The Euler characteristic, $q$-matroids, and a M\"obius function

TL;DR

This paper explores the relationship between Euler characteristics, M"obius functions, and $q$-matroids, providing new proofs, a homology calculation, and insights into their topological properties.

Contribution

It introduces a model linking Euler characteristics of $q$-matroid complexes to their $q$-cycles and computes their homology, extending classical matroid results.

Findings

Euler characteristic of $q$-matroid complexes relates to $q$-cycles.

Complete homology over $\\mathbb{Z}$ of the $q$-matroid complex is determined.
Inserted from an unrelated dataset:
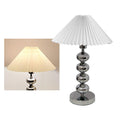 Aleisha Pleated Table Lamp ∅ 13.7″ x H 19.6″ / Dia 35cm x H 50cm / Chrome + White / US plug Table lamp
Characterization of when the Euler characteristic is nonzero.

Abstract

We first give two new proofs of an old result that the reduced Euler characteristic of a matroid complex is equal to the M\"obius number of the lattice of cycles of the matroid up to the sign. The purpose has been to find a model to establish an analogous result for the case of $q$-matroids and we find a relation between the Euler characteristic of the simplicial chain complex associated to a $q$-matroid complex and the lattice of $q$-cycles of the $q$-matroid. We use this formula to find the complete homology over $\mathbb{Z}$ of this shellable simplicial complex. We give a characterization of nonzero Euler characteristic for such order complexes. Finally, based on these results we remark why singular homology of a $q$-matroid equipped with order topology may not be effective to describe the $q$-cycles unlike the classical case of matroids.